As of August 2018, 18.2% of UK retail sales were online. Even more interesting though, is the rise in voice-activated shopping thanks to the birth of gadgets from tech giants Amazon, Google and Apple. In fact, voice shopping is estimated to reach a whopping $40+ billion across the U.S and U.K by 2022.

 

And whilst hoverboards aren’t yet commonplace, drones certainly are. Only a few weeks ago a number of flights from London airports were grounded, purportedly due to rogue, unidentifiable drones wreaking havoc on the runways.

 

However, it’s not the misuse of technology that interests me, but the opportunities that new innovations unlock on both a personal and professional level.


A cartoon depicting a character with a backward baseball cap watching movies on his device screen. Three grayscale movie stills depict scenes from sci-fi cinema.

The question that I often pose to myself and others though, is “what’s next?” The screenwriters of the 80s predicted new modes of travel, fashion trends and the all-American town of Hill Valley being dominated by a power-hungry, tower-loving, billionaire businessman who uses his fortune to influence US politics and bring misery upon society… Biff Tannen, that is.

 

If we were to ask ourselves what the world will look like 30 years from now, it feels like an unanswerable question. The innovations of 2049 will likely bear no resemblance whatsoever to the world around us today — wearable tech might be the next vinyl or cassette players that only cool hipsters use. That is, hipsters who will no longer be called 'hipsters' as there will be a whole new dictionary by then! If Amazon have their way, parcels will be delivered by drone directly to your garden. Cars will drive themselves, if, indeed, we still use cars at all. Perhaps by then, teleportation and time travel won’t be a flight of fancy within the realms of fiction, but a real-life revelation.

 

Elon Musk certainly has big ideas. If his plans come to fruition, a good number of us could expect to be living on Mars in 2049 and those remaining here on earth will be avoiding traffic jams by zipping around underground in a hyper loop!

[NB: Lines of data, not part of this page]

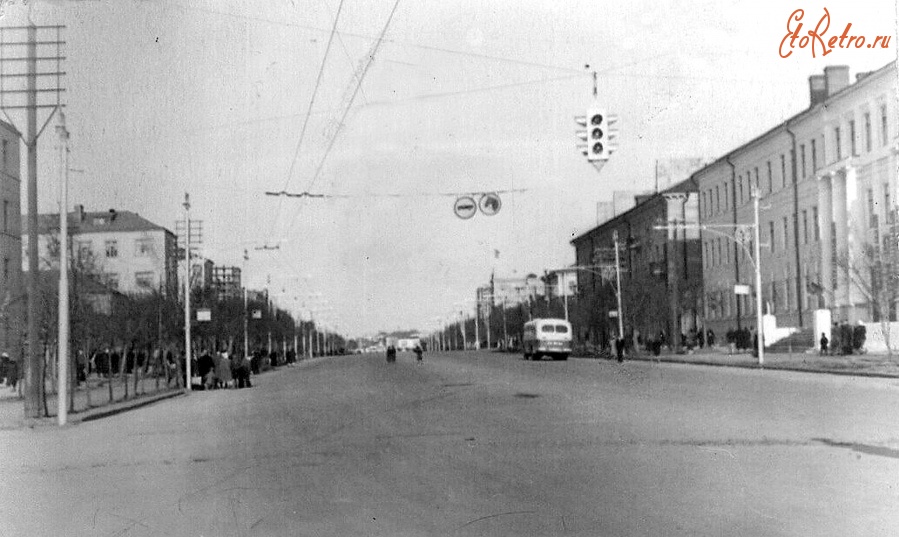 Рязань - Рязань. Улица Красной Армии.  31 июля 1964 года переименована в Первомайский проспект.
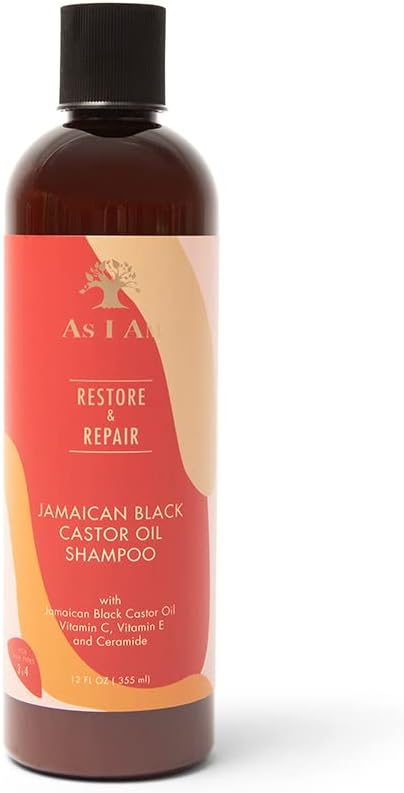 Shampoo, castor oil, help grow hair, strengthen hair.
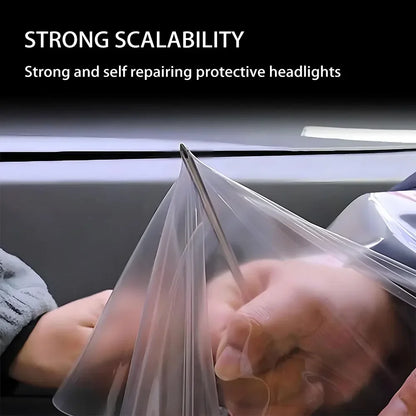 0.3m Car Wrap Film TPU Headlight Film Adaptive Guard Repair Scratches Photochromic Modification Film Car Decoration Accessories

Who knows? I, for one though, am very excited to see what the 'new' future holds and will be regularly testing and talking about the trendiest tech in this blog.

 

Back to the Future II may not have got everything right about the future, but we do still wear Nike trainers, drink copious amounts of Pepsi and have a penchant for terrible shark films (The Meg, anyone?). And of course, if nothing else, BTTF taught us that the DeLorean is and always will be the coolest car on the planet.